**Task details:** Lines below starting with the line with "Royal Bali - Labradorit" and going on through the line with "Souwuokoo Large Planters" must be output exactly; the rest of the records must be left out.

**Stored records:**
◇ ◇ ◇ ◇

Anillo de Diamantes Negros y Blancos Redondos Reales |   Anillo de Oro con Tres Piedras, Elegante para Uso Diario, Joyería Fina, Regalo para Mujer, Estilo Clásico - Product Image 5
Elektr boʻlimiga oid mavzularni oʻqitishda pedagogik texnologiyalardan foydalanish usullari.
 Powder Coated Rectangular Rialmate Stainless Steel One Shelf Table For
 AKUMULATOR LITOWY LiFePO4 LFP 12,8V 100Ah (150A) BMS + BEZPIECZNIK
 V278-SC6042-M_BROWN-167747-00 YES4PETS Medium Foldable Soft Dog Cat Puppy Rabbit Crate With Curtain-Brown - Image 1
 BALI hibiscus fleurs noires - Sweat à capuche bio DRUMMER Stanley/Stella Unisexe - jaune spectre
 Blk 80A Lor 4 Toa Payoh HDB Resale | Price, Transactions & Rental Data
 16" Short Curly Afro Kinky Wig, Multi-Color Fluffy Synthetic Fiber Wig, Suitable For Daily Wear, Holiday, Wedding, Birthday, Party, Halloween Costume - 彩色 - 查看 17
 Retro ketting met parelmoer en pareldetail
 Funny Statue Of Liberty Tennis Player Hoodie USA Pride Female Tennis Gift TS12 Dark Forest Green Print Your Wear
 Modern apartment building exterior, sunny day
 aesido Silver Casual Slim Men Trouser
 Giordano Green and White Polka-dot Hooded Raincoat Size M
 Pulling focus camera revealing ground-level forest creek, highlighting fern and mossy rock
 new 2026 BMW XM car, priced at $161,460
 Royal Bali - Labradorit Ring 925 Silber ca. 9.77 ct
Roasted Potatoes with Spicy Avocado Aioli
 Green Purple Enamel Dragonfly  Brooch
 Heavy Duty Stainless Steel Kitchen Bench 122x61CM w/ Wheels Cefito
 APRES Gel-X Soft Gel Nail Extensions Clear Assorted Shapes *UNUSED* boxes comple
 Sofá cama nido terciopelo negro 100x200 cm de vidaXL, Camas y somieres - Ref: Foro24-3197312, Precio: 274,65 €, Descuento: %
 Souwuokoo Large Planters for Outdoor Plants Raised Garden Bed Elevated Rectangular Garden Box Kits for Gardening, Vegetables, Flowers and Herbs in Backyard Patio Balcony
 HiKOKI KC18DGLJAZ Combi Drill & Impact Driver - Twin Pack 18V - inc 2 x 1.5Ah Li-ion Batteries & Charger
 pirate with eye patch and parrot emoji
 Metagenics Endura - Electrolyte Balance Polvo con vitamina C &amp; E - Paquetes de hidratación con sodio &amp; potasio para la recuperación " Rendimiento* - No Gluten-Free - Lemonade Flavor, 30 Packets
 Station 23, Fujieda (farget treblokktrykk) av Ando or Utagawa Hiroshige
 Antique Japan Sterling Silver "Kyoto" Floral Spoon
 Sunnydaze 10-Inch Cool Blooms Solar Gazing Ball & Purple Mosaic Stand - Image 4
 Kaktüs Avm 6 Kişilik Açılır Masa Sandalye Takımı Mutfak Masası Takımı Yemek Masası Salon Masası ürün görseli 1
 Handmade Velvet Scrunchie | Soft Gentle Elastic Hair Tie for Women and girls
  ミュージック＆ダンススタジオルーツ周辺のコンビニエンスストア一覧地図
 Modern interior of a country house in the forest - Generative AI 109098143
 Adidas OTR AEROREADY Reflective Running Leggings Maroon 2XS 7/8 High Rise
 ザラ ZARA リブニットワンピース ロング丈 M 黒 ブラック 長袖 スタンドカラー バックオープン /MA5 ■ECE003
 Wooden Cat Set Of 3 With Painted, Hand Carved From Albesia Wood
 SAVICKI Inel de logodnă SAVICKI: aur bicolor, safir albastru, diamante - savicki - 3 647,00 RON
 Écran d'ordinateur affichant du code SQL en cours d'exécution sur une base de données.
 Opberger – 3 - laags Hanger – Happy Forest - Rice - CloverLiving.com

◇ ◇ ◇ ◇

**Solution for this problem:**
 Royal Bali - Labradorit Ring 925 Silber ca. 9.77 ct
Roasted Potatoes with Spicy Avocado Aioli
 Green Purple Enamel Dragonfly  Brooch
 Heavy Duty Stainless Steel Kitchen Bench 122x61CM w/ Wheels Cefito
 APRES Gel-X Soft Gel Nail Extensions Clear Assorted Shapes *UNUSED* boxes comple
 Sofá cama nido terciopelo negro 100x200 cm de vidaXL, Camas y somieres - Ref: Foro24-3197312, Precio: 274,65 €, Descuento: %
 Souwuokoo Large Planters for Outdoor Plants Raised Garden Bed Elevated Rectangular Garden Box Kits for Gardening, Vegetables, Flowers and Herbs in Backyard Patio Balcony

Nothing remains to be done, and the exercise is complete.